Heres my Pemi.. my 4th Golden thru the years.. He has been the best yet.. It is going to hurt so much I'm afraid to face it when he goes.. you just can't go to the store and get another one.. good Goldens seem hard to find.. so many back yard breeders with bloodlines thinned down and not bred for temperment etc. Pemi's parents,grandparents,great etc. won many awards. 

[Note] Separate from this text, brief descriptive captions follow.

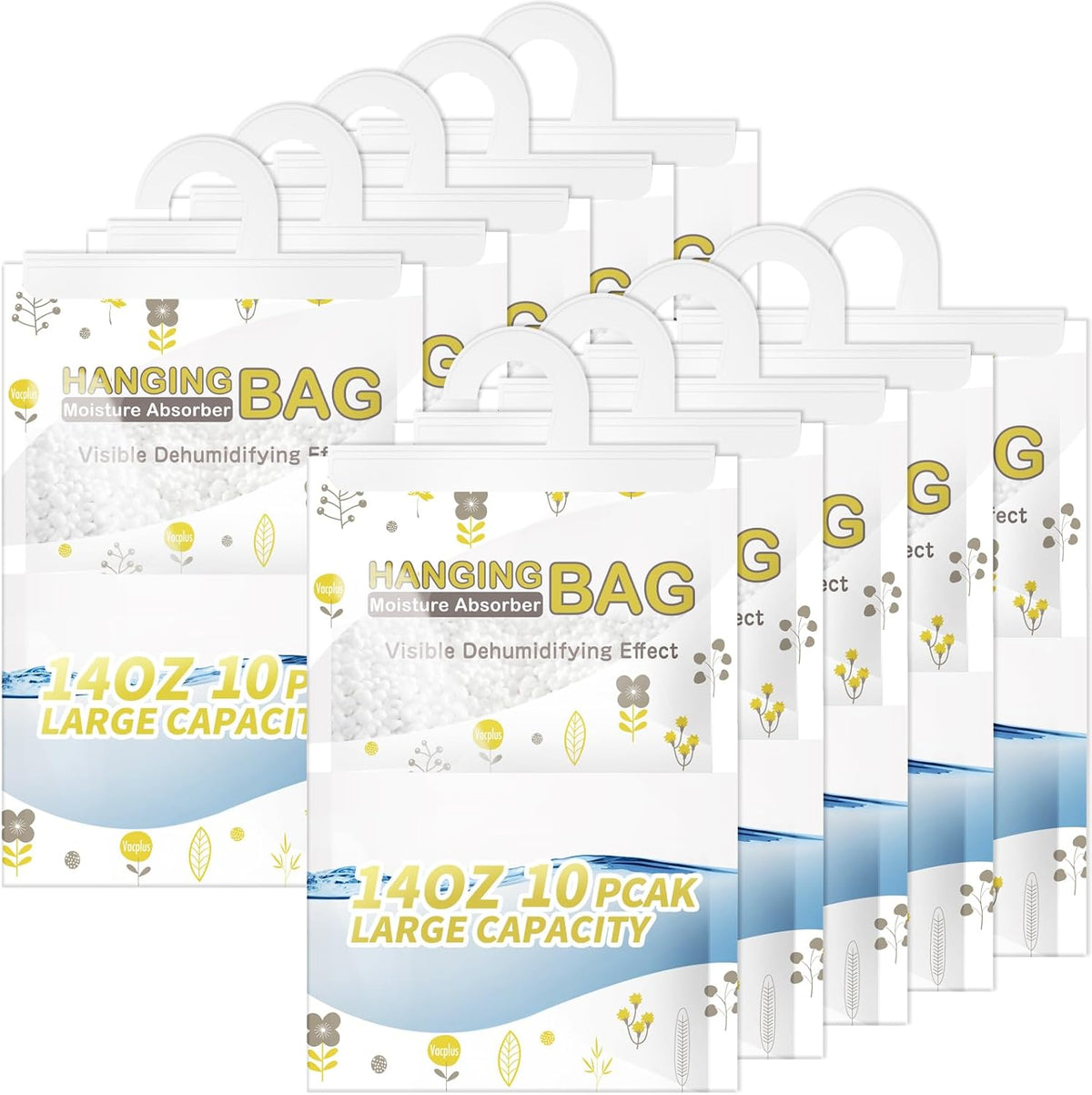 Vacplus Moisture Absorbers, Hanging Closet Dehumidifier Bags, Humidity Packs, Desiccant, Closet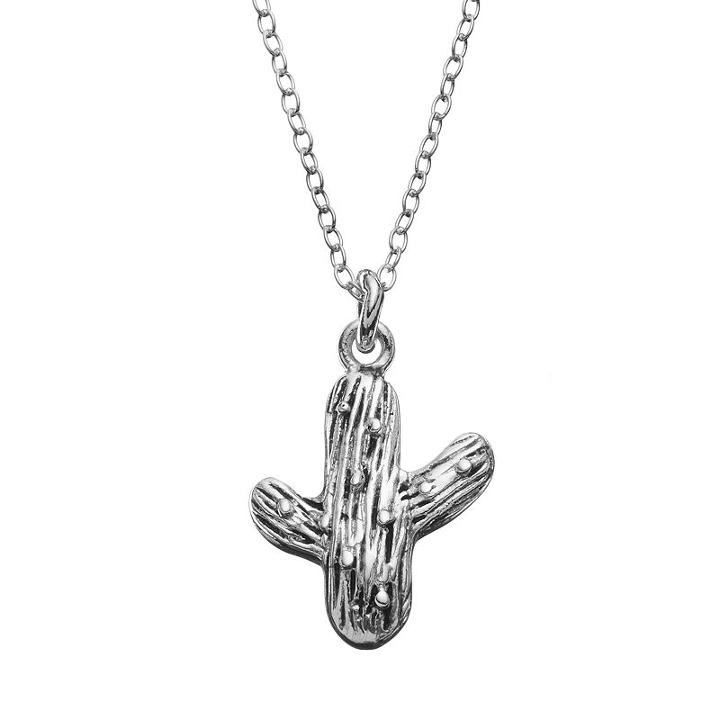 Sterling Silver Cactus Pendant Necklace, Women's, Size: 18, Grey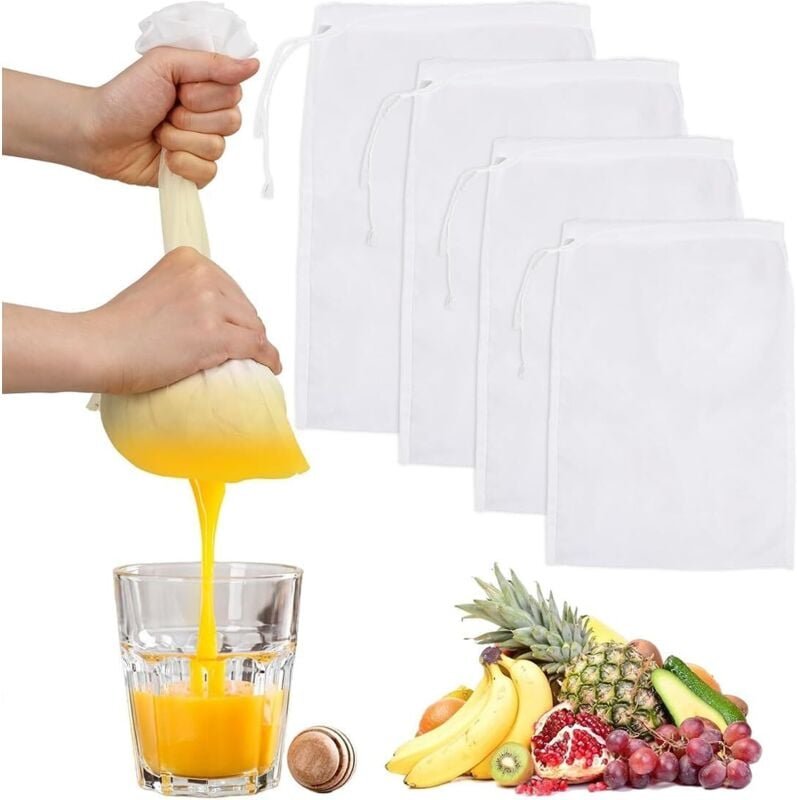 4 Stück Filterbeutel, Käsetuch in Lebensmittelqualität, weißes Stoffsieb, Nylon, Filterbeutel für Gemüse- und Fruchtsaft...
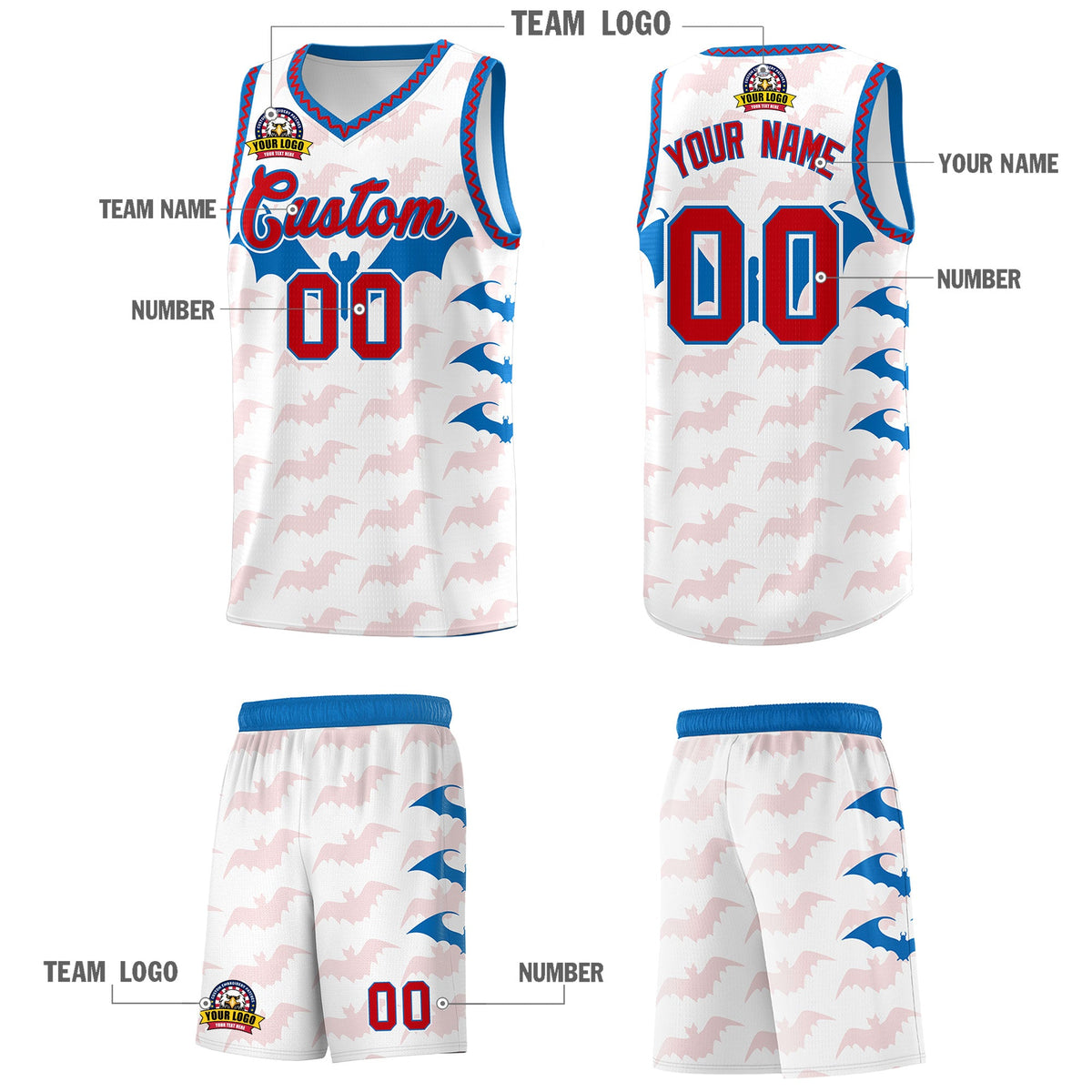 Custom White Red Royal Bat Pattern Halloween Basketball Jersey | For Men,For Kid,For Youth,Sublimation Printed,Perfect for Training,Perfect for Parties,Add Name and Numbern | KXKSHOP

first one died 9 yrs ..second one 10 yrs 3 rd 11 yrs.. Pemi is still doing good.. thou age is obivious..loss of some hearing.. slow to get up.. but he loves his hikes.. and walks.. when we get the packs out he goes off the wall. He can do 3 miles easy up a Mountain with 1300 ft gain.. Me being 69 yrs old and not in great shape I go slow..so he's not pushed and often waits for me..


----------



## LynnC (Nov 14, 2015)

Welcome. Pemi is a beautiful boy  . Sounds like he’s still enjoying life. I would try not to dwell on the future but to enjoy each and every day. No one knows what tomorrow will bring, today is a gift


----------



## CAROLINA MOM (May 12, 2009)

Pemi is a beautiful boy, the Seniors are so very special. 
Wishing you both many happy days to come.


----------



## swishywagga (Nov 13, 2012)

What an absolute sweetheart he is. Treasure each day, and spoil him rotten, they give us so much in return.


----------



## dlmrun2002 (Mar 4, 2011)

Pemi looks like a great guy. I know from walking with my last Golden Skye, the hikes we had together in the woods are one of my fondest memories. I'm sure your Pemi loves the walks too....it is really where they are in their in the natural element, all the smells and stimuli they get from the woods. Treasure the hikes and enjoy every second with your wonderful Golden Pemi.

dlm ny country


----------